O software menospreza a modalidade fixa mediante a aplicação de uma alíquota, que varia de 2 a 5%, sobre preço de serviço ou valor da nota fiscal.

O direito da sociedade prestadora de serviço, na qualidade de contribuinte, é recolher o valor fixo anualmente, comumente muito menor. Acontece que o sistema, como única via de emissão da guia de recolhimento do imposto, tem interditado o direito dessas pessoas jurídicas, nas quais a contraprestação paga pelo tomador configura verdadeiro rendimento do trabalho pessoal, com responsabilidade direta em relação ao serviço por eles executados, decorrente da própria lei que regulamenta a profissão.

O sistema não aceita.

É como se um novo princípio jurídico pairasse sobre a Constituição, subjugando-a, o Princípio da Supremacia do Software. De que adianta o legislador ou mesmo o constituinte editar a regra se o programador não a levou em conta ao desenvolver o programa?

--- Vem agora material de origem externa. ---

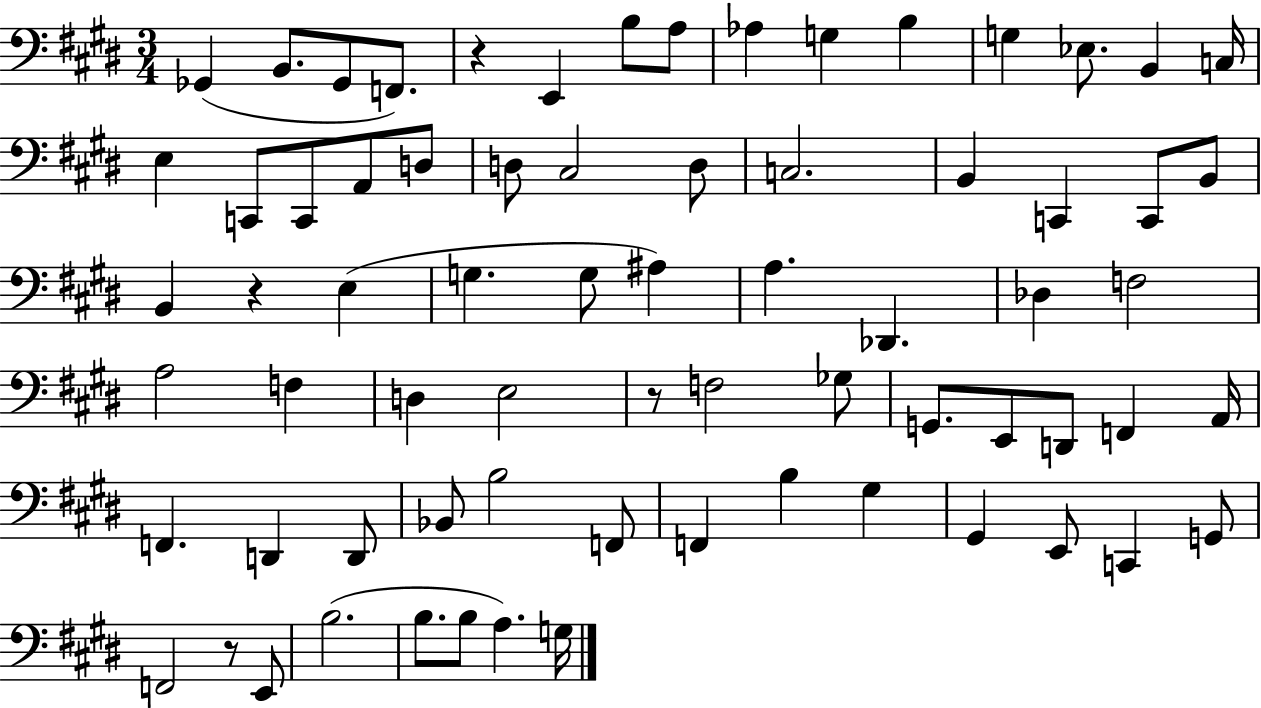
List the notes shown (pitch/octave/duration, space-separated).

Gb2/q B2/e. Gb2/e F2/e. R/q E2/q B3/e A3/e Ab3/q G3/q B3/q G3/q Eb3/e. B2/q C3/s E3/q C2/e C2/e A2/e D3/e D3/e C#3/h D3/e C3/h. B2/q C2/q C2/e B2/e B2/q R/q E3/q G3/q. G3/e A#3/q A3/q. Db2/q. Db3/q F3/h A3/h F3/q D3/q E3/h R/e F3/h Gb3/e G2/e. E2/e D2/e F2/q A2/s F2/q. D2/q D2/e Bb2/e B3/h F2/e F2/q B3/q G#3/q G#2/q E2/e C2/q G2/e F2/h R/e E2/e B3/h. B3/e. B3/e A3/q. G3/s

Diante disso resta ao contribuinte conformar-se e pagar mais ISS do que deve, ou, mediante análise prévia de viabilidade e consideradas as particularidades de cada sociedade prestadora de serviço, litigar contra o Município. Nenhuma das opções, obviamente, é agradável, mas, ao menos por enquanto, os softwares do Poder Judiciário aceitam a propositura dessas ações. Não se sabe até quando.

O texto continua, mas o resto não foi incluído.